You can architect your deployment based on usage mode and environment constraints. We recommend starting with AWS/Azure Marketplace for most projects.

The following documents describe common Graphistry configurations, examples of which configuration may make sense for you, Graphistry's components, and planning for multi-year and RAPIDS scaleout.

Related:

1. Common Configurations

Graphistry deployments generally follow one of these patterns:

  1. Preconfigured AWS/Azure Marketplace instance
    The most typical case.
  • Preconfigured for one-click quicklaunch: Nvidia, Docker, Graphistry, Jupyter, connectors, and many DB/API samples
  • Data stays in your team's private cloud account
  • Great for POCs. Utility-fee pricing means cheap POCs by turning off the instance when inactive.
  • Works well with databases also running securely in your cloud account and external APIs
  • Dedicated Graphistry support
  1. Preconfigured AWS/Azure Marketplace instance with on-prem data bridging
    On-prem enterprise data sources can likely be accessed as-is or via firewall changes. However, sometimes it is easier to use an on-prem jump box.
  • Start with Graphistry AWS/Azure Marketplace as usual, e.g., for POCs
  • Run the Graphistry Data Bridge closer to the DB/API, e.g., on-prem
  • Configure the Graphistry Data Bridge, Graphistry server, and firewalls/DBs to work in bridged mode
  1. Manual GPU environment with Graphistry containers
    Primarily useful for heavily regulated environments such as Federal and Financial teams with requirements such as air-gapping.
  • Start with Graphistry AWS/Azure Marketplace as usual, e.g., for POCs
  • When ready, follow Graphistry guides for Nvidia/Docker environment setup and Graphistry container installation
  • Likely benefits from online Graphistry Support
  • We recommend Cloud over On-Prem when possible
  1. Graphistry Cloud (Alpha)
    Graphistry, Inc. runs and manages your Graphistry account, with a choice of shared and isolated tiers:
  • Isolated tier: Useful when it is difficult to one-click launch on the Marketplace or procure/setup on-prem hardware
  • Shared tier: Useful if you want the cost savings and expect limited use
  1. Virtual machine Graphistry can run in a virtual machine (VMWare, Nutanix, ...) that shares its GPU(s) with other virtual machines:
  • Graphistry will still run as a Docker container in the VM
  • Depending on the hypervisor, you can pick different vGPU sharing modes, and further partition within the VM via Docker settings
  • vGPUs do not currently support CUDA Unified Memory, so you must configure Graphistry setting RMM_ALLOCATOR=default in data/config/custom.env
  • See our more detailed vGPU docs

2. Picking a Configuration

  • POC:
    Save significant time by going with AWS/Azure Marketplace!

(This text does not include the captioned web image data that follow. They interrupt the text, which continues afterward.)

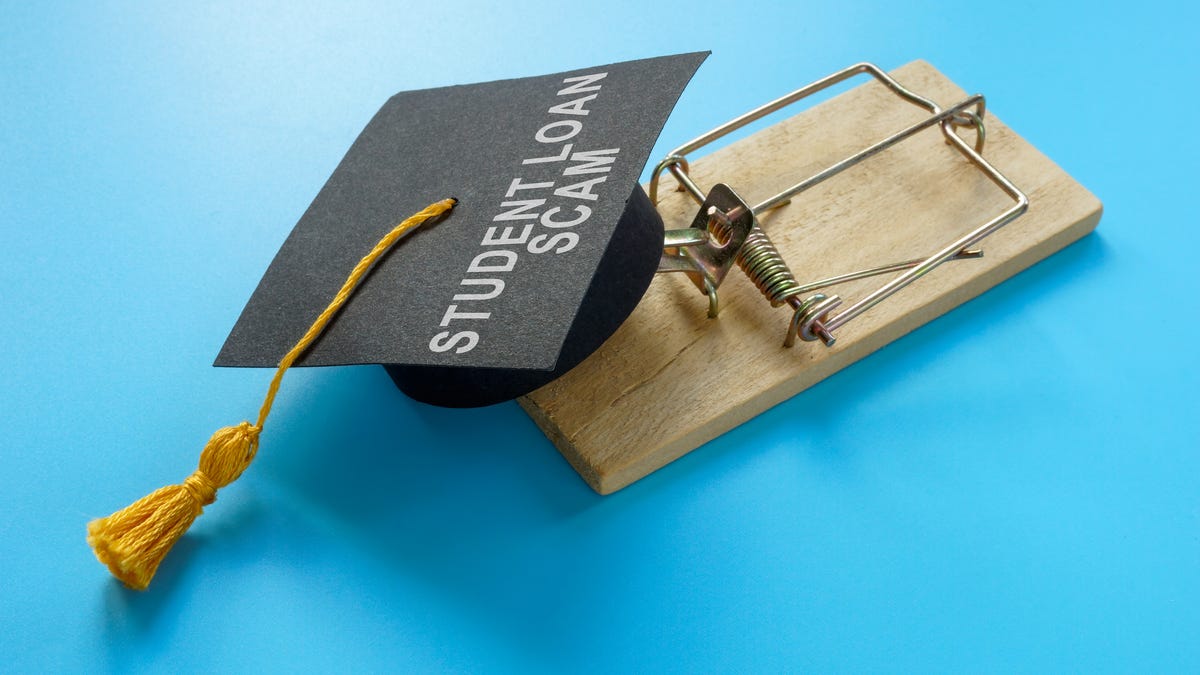 A graduation cap on a mousetrap.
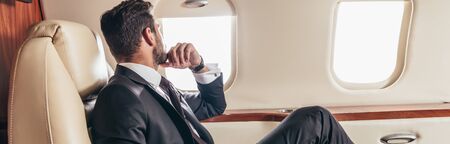 panoramic shot of businessman in suit looking through window in private planeの写真素材
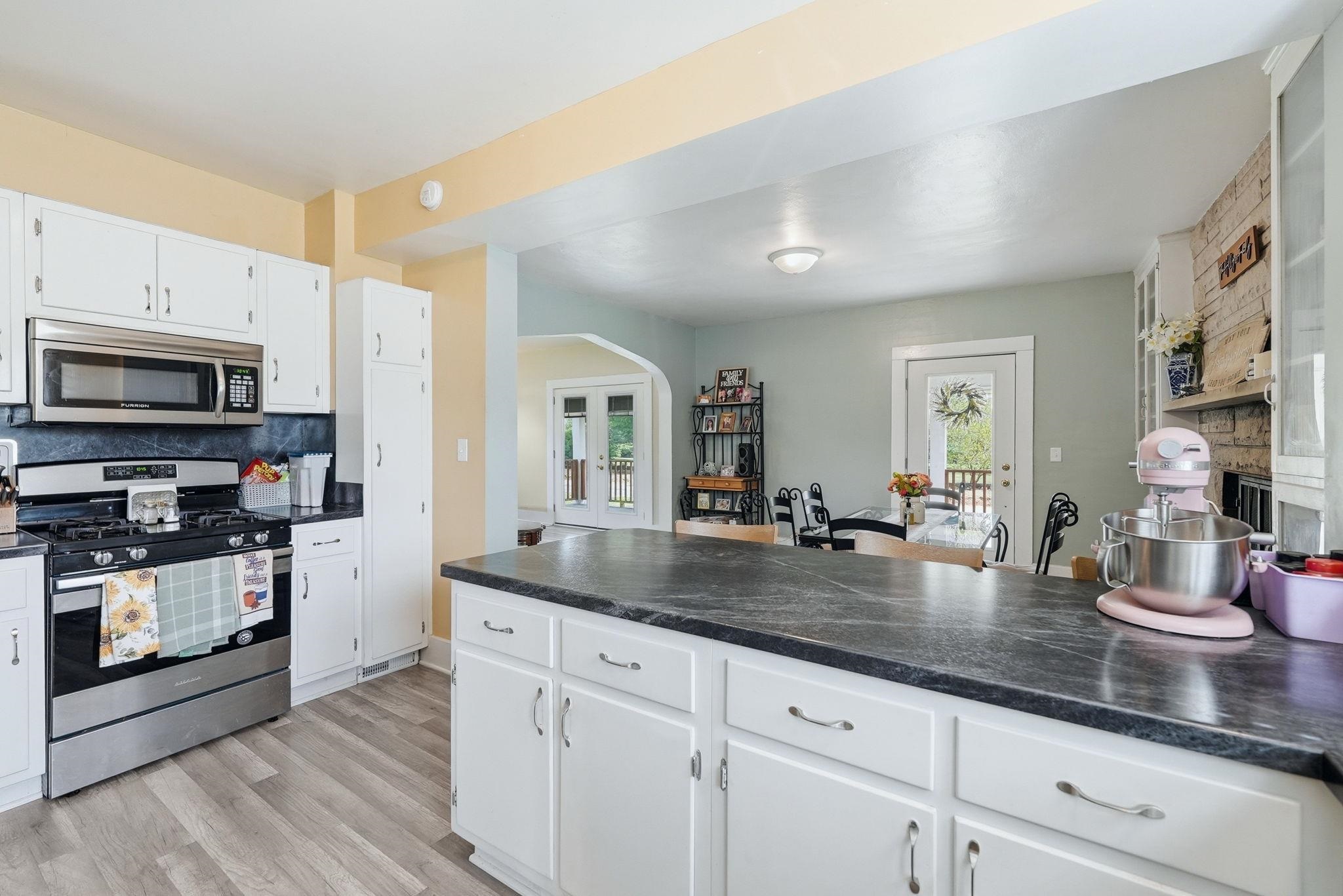 Kitchen featuring white cabinetry, dark countertops, a stainless steel oven/range, a built-in microwave, and wood-finish flooring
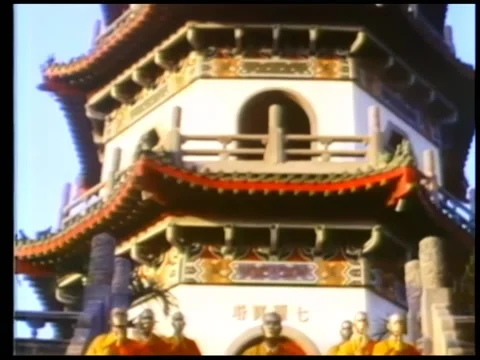 Monks praying on steps in front of shaolin temple Stock Footage 260252809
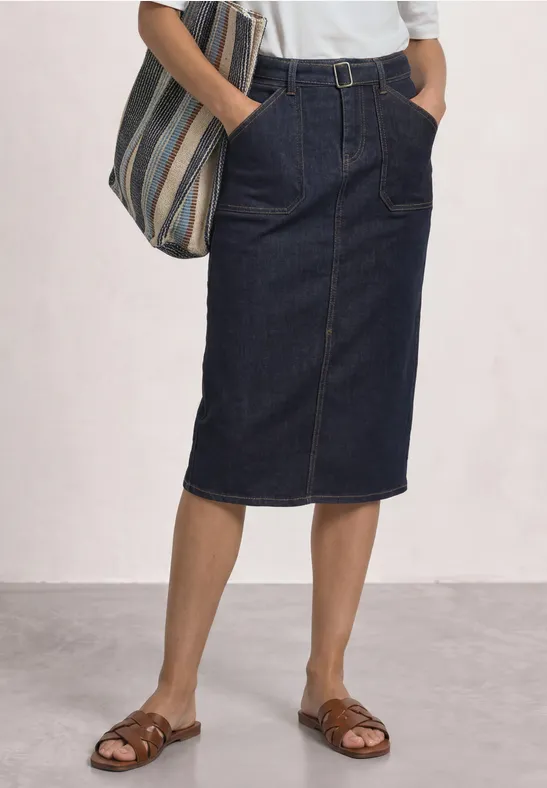 Vrouw met donker denim kokerrok tot de knie, wit shirt, gestreepte tas en bruine sandalen.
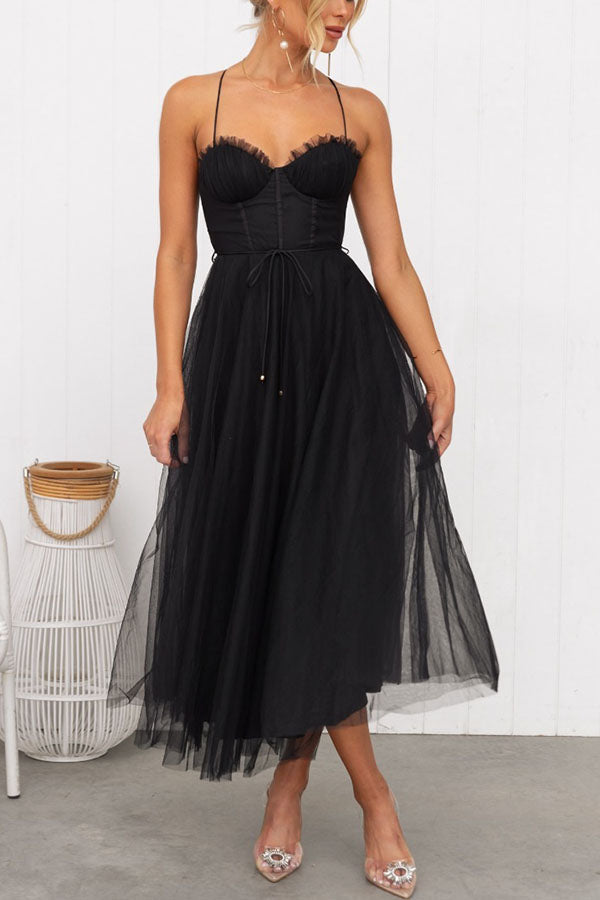 Stunning women's tulle midi dress with a flattering corset top and delicate spaghetti straps, A-line.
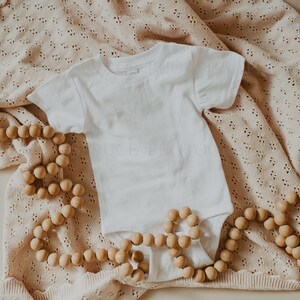 May include: A white baby onesie on a beige crocheted blanket with a wooden bead garland.
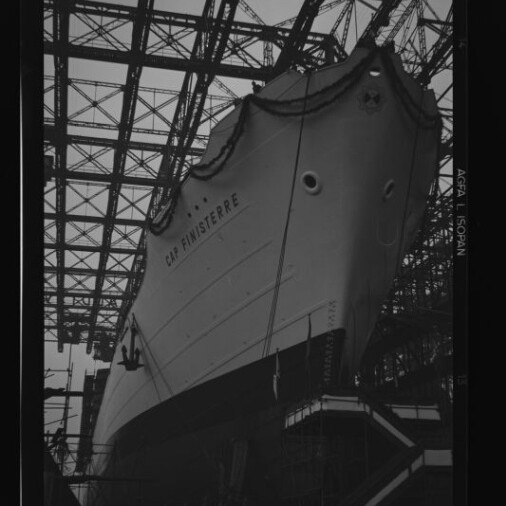Bug des Passagierschiffs C.H. Finisterre im Trockendock unter einem großen Stahlgerüst, mit Girlanden und Zuschauern.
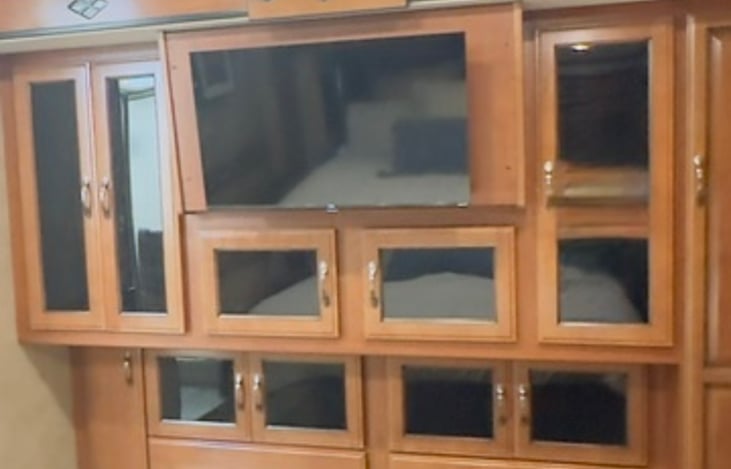 The wardrobe located across from the bed has a TV equipped with a Firestick for streaming. A large empty separated closet is provided for wardrobe, shoes and accessories and utility closet.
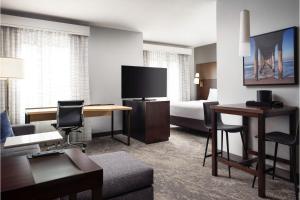 a hotel room with a bed and a living room at Residence Inn by Marriott Los Angeles Redondo Beach in Redondo Beach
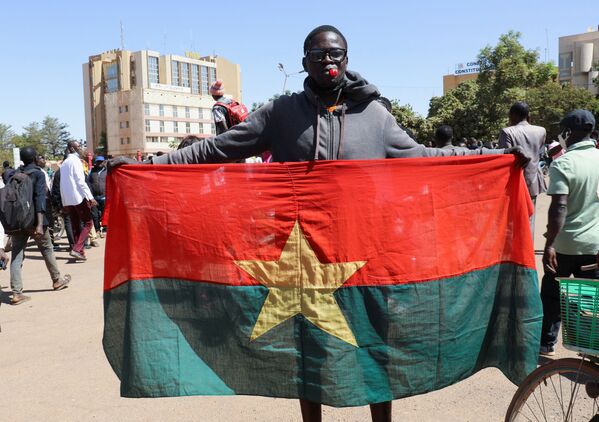 Мужчина держит в руках национальный флаг Буркина-Фасо - Sputnik Грузия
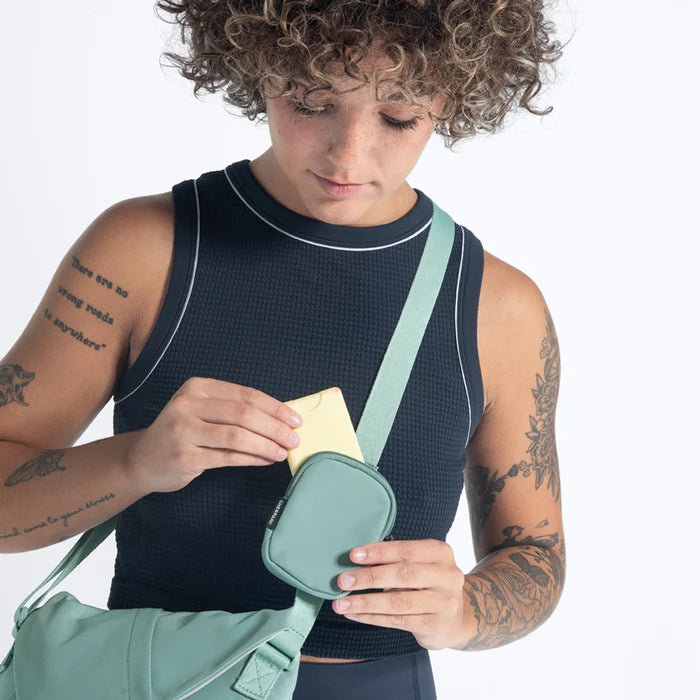 Woman placing a hand sanitizer into a Sherpani Milli Surf Blue Mini Messenger against white backdrop.  #color_surf-blue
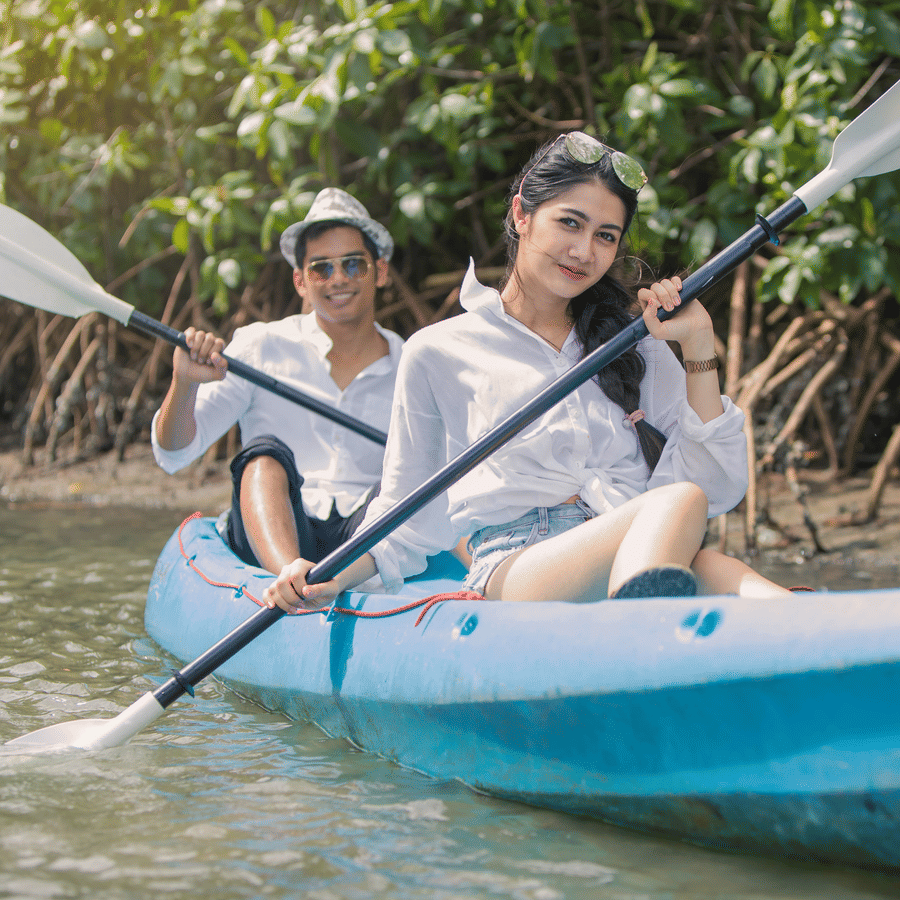 2 individuals, each in a kayak, paddling through calm river waters surrounded by dense mangroves, showing a peaceful and serene exploration setting.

    • Optional: Turn off Graphistry when not using it
    • Do not use if you cannot put your data in the cloud
    • Dedicated Graphistry staff is happy to assist with setup, configuration, demos, use cases, and other POC tasks
    • If needed, Graphistry staff can help with Data Bridge setup
  • Analyst team:
    Go with AWS/Azure Marketplace or AWS/Azure BYOL

    • Do not use if you cannot put your data in the cloud
    • Dedicated Graphistry staff is happy to assist with setup, configuration, demos, use cases, and other POC tasks
    • If needed, Graphistry staff can help with Data Bridge setup
  • Analyst team, no AWS/Azure/GPU access:
    Go with Graphistry Cloud (alpha). Please contact Graphistry for discussion of options and support.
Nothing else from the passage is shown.